Online grocery sales grew 54.0% in 2020 to reach $95.82 billion and a 12.0% share of total U.S. ecommerce sales and 7.4% of all grocery sales, according to research from eMarketer. Gorillas said it’s in a prime position to further accelerate online grocery adoption, which is expected to reach more than half of U.S. consumers by 2022.
To deliver on its value proposition of 10-minute delivery, Gorillas operates various micro warehouses in each neighborhood it serves. In addition to offering this level of convenience, Gorillas said it is committed to providing “an exceptional product experience that mirrors a trip to the supermarket,” with the in-app “aisles” organized just how they would be in physical aisles for easy browsing. Gorillas said it allows customers to purchase a wide array of standard grocery items, as well as products from hyperlocal vendors so that consumers can shop from and support their favorite local businesses. For example, New York City customers will have access to popular go-to locations such as Black Seed Bagels and OddFellows Ice Cream Co., among others.

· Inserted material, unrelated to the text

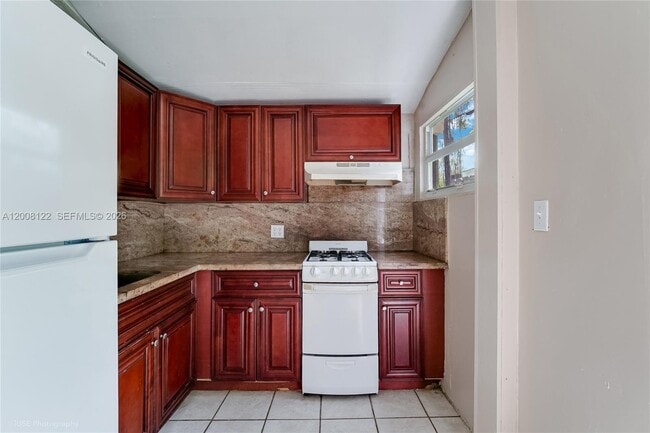 Building Photo - 166 E 17th St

Gorillas said it places an “utmost emphasis” on the treatment of its riders. A departure from the traditional gig economy model, Gorillas’ riders are provided full-time employment and full-time riders receive benefits that traditional employees would receive in similar industries, like healthcare, bikes, uniforms and other equipment.
“Our riders are at the heart of everything we do, and we’re firmly committed to going against the grain when it comes to the idea of people doing rigorous tasks, like biking urban streets, with limited resources,” said Sümer. “From day one, Gorillas was built on the belief that every employee should have the right gear and the right benefits to do their job safely, and that’s a belief on which we’ll never waver.”
As part of its New York City launch, Gorillas has teamed up with Rethink Food, a nonprofit organization that will collect all potential food waste from warehouses and transform it into nutritious meals for distribution via other community-based organizations.
In a little over 10 months, Gorillas said it has expanded to more than 25 cities, including Amsterdam, London and Munich, and built up more than 75 micro fulfillment centers.